DE los dos millones y medio de españoles que trabajan al servicio de las distintas administraciones públicas en España casi medio millón lo hacen en Andalucía, según el último boletín estadístico del Ministerio que pastorea a este colectivo.

Son exactamente 489.671 personas, con el siguiente reparto: 254.094 al servicio de la comunidad autónoma, 128.444 en los entes locales (ayuntamientos y diputaciones), 88.122 en la administración general del Estado dentro de sus dependencias andaluzas y el resto, supongo, en las universidades.

Con estas cifras apabullantes es fácil hacer demagogia. ¡Medio millón de funcionarios! No es exactamente así. Entre el cuarto de millón que trabajan para la Junta de Andalucía, por ejemplo, los colectivos más numerosos son los que atienden servicios esenciales de la comunidad, como la enseñanza y la sanidad, y no el aparato administrativo de la autonomía. Muchos no son funcionarios en estricto sentido jurídico, sino personal laboral, si bien es cierto que es difícil que puedan perder el empleo.

No obstante, no deja de ser abultado el número de andaluces que no dependen del mercado laboral. Ni tienen ganas de hacerlo. Precisamente la pulsión de la estabilidad, el trabajo de por vida, está muy arraigado en la mentalidad colectiva.

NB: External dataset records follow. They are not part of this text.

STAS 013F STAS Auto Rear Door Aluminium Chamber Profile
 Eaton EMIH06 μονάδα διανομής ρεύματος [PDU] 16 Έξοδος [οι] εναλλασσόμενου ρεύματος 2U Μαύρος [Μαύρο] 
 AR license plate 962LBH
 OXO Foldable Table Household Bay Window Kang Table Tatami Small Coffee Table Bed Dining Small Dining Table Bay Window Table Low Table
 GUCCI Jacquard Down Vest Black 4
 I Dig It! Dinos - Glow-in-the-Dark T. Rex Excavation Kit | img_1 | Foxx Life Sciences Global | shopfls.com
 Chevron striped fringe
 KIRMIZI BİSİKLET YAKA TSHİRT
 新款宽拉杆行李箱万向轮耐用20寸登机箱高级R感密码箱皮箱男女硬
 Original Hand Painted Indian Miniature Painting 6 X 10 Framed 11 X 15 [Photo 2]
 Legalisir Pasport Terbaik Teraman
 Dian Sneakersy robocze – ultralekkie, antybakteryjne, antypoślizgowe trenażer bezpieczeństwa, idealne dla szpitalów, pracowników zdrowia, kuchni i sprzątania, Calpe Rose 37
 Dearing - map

Vivir de la teta del Estado (multifacética: Administración central, Junta, ayuntamientos, diputaciones, empresas públicas) constituye uno de los objetivos más ancestrales de las familias para sus retoños. Sacar una oposición o incrustarse en el sector público por otros procedimientos más o menos directos es un viejo deseo, transmitido de generación en generación. El sueldo es, en general, más reducido que en el sector privado, pero queda compensado por la extrema estabilidad en el empleo. Fuera de la Administración hace más frío. Dentro, en cambio, son pocos los que están expuestos a las inclemencias de una crisis.

La única vez en mi vida que puede haberme convertido en funcionario dejé pasar la oportunidad. Por falta de vocación. Me alegro por los que la aprovecharon sobre la marcha. Sin embargo, no dejo de considerar que tanta devoción por el trabajo en lo público supone un evidente conservadurismo y, en esa medida, un despilfarro de talento colectivo. No por nada, sino porque el pesado aparato burocrático del Estado es un freno para la iniciativa y un seguro para la rutina. Un emprendedor que arriesga, imagina y se esfuerza en la iniciativa privada puede pasarlo mal, fracasar y volver a intentarlo, arriesgarse y salir adelante; un emprendedor en la función pública tiene todas las papeletas para que ni le escuchen.